- Packages to install
- Things to read
- Pandas: Your gateway to an Excel-free life
- NLTK: Natural language processing
- Sci-Kit Learn: Machine learning, classification
- IPython Notebook: Visuals and code sharing made easy
- Matplotlib: Data visualizations
You can also skip the Anaconda
install and install these packages separately:
(please raise an issue or submit a pull request here if you found dependencies you needed to install in addition to these)
pip install sklearn
pip install pandas
pip install "ipython[notebook]"
pip install matplotlib
pip install numpy
- Natural Language Processing with Python
- This Pandas tutorial
- Beautiful Visualizations - pdf download
Pandas is a robust Data Science package with a powerful data structure known as a DataFrame. Pandas documentation is excellent and provides a thorough variety of tutorials and examples. I recommend their 10 Minutes to pandas tutorial.

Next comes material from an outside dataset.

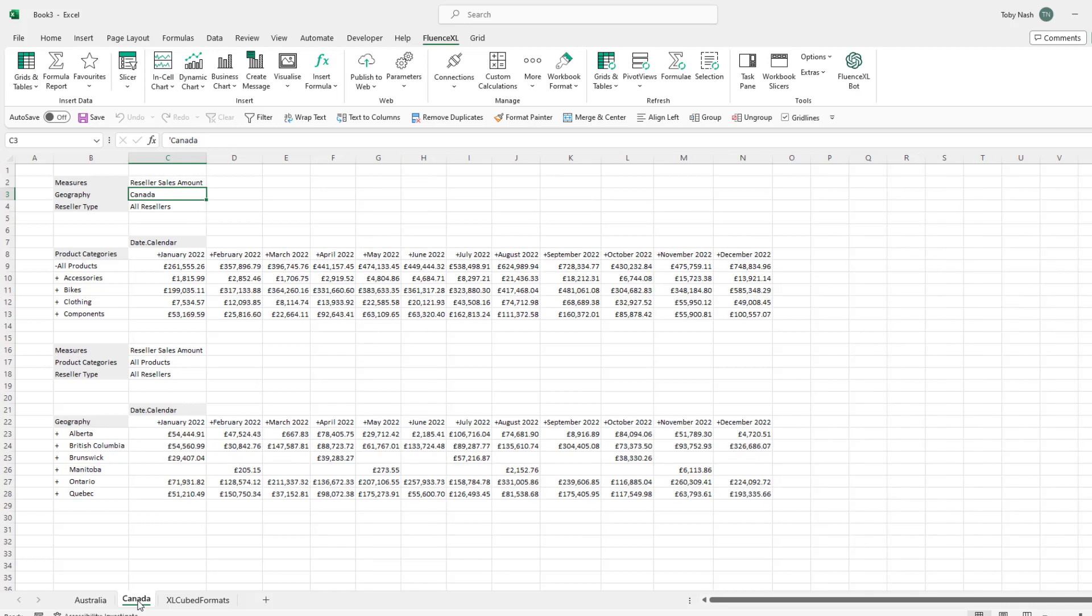Propagating sheets can be very useful for quickly exploding a report out across different parts of the business. We often see this used to replicate a report for quick distribution. Furthermore the propagate across sheet option can be set up to be automatically used when scheduling report distribution via Fluence Excel Web allowing for full view of the data to be shared with no user input needed.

I strongly recommend using the Natural Language ToolKit during your introductory steps into Natural Language Processing. The Toolkit has an enjoyable to read book which simultaneously teaching natural language processing and the Python language with tangible, nontrivial examples in both regards. The NLTK creators have also added a list of resources to wiki, including a project ideas page.
The Natural Language Toolkit comes with a lot of features built into it, and still many others that you're probably never going to use (for example, a multitude of languages, or a series of tagged texts including parts of the Torah, Jane Austen's Emma, and an online chatroom in the 90s. You might use these to train a classifier for of a very specific set of text (eg, tweets), but because they are niche, you have to download them individually. Just use nltk.Download() from the command line while in interactive python mode.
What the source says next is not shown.